In 1950 a teenager claimed to be an adult to improve his chances of finding work in an unfamiliar country.
Milos Tvrznik, who had left his family in Czechoslovakia two years earlier, found himself at Bonegilla Migrant Reception and Training Centre.
“He came across, couldn’t speak English so he had to learn English, he was only very young, it was huge for him,” his daughter Janine Arkinstall said this week.
“The man that he escaped (Czechoslovakia) with, he didn’t actually make it, he was killed on the journey, so Dad was really on his own.”
Mrs Arkinstall, who lives in Mildura, hopes to learn more about her late father’s life during Bonegilla Migrant Experience’s annual reunion on Friday and Saturday.
“I’ve always wanted to go to Bonegilla and see where he came,” she said.
“Just get a bit of a background on what Bonegilla is, just curious to have a look.”
More than 300,000 migrants started their new lives in Australia at Bonegilla Migrant Reception and Training Centre between 1947 and 1971.

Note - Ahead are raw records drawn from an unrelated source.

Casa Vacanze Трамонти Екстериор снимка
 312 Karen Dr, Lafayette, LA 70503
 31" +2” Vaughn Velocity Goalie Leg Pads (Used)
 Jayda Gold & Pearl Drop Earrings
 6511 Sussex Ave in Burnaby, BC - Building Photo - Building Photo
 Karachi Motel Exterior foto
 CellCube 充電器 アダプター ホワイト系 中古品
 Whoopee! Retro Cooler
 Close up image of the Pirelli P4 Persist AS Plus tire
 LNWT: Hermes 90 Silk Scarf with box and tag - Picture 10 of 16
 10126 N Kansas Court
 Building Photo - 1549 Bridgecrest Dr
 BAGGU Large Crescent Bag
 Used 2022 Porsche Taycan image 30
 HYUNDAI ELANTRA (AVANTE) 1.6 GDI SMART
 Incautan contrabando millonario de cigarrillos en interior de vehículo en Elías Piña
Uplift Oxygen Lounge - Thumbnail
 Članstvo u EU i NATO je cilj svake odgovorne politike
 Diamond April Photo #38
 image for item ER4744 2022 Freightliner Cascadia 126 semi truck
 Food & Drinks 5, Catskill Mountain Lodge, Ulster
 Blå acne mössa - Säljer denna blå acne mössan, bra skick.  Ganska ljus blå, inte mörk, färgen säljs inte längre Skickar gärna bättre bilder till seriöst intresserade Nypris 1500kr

The site was once made up of 24 blocks, with its own churches, banks, sporting fields, cinema, hospital, police station and railway platform.
This week’s reunion will celebrate 71 years since the centre was established, Australia’s largest and longest operating in the post-war era.
The two-day program includes guided tours of Block 19, bus tours, pop-up displays, demonstrations of flour milling and sourdough, genealogy information, refreshments and a dinner at the German Austrian Club.
Historian Bruce Pennay will give an illustrated talk on how memories of Bonegilla have been captured while War Child author Annette Janic, whose parents and older brother passed through the centre, is another guest speaker.
Last year Mrs Arkinstall ordered a plaque in memory of her father, who died in 2004.
His name has been included among those listed on The Arc memorial sculpture at the centre.
Mr Tvrznik eventually settled in Red Cliffs, near Mildura, where he met his future wife Lorraine Lanyon.
Mrs Arkinstall remembered her father as “a hard-working family man” who rarely talked about his early experiences.
She has made contact with Czech relatives and plans to visit her dad’s homeland in the future.
Some of what she knows came from research for a school assignment on Mr Tvrznik back in year 10.
“If I didn’t do that assignment on him, I’d probably have nothing,” Mrs Arkinstall said.